===== The input =====
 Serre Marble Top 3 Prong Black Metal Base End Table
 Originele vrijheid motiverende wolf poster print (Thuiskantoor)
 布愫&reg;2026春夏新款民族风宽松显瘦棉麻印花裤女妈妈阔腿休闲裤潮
=====
===== The input =====
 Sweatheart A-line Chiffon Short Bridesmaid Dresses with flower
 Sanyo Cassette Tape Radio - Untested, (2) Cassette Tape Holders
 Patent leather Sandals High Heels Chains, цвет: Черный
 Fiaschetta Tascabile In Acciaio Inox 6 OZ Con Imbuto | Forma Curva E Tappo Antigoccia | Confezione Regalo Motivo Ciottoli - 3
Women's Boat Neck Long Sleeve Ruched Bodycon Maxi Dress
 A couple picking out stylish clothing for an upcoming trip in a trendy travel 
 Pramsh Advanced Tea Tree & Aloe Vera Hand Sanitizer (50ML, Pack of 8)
=====
Work required → Start with the line above that contains "A couple picking" and end with the line that contains "Pramsh Advanced Tea". Write out those lines exactly, and only those.

Result below →
 A couple picking out stylish clothing for an upcoming trip in a trendy travel 
 Pramsh Advanced Tea Tree & Aloe Vera Hand Sanitizer (50ML, Pack of 8)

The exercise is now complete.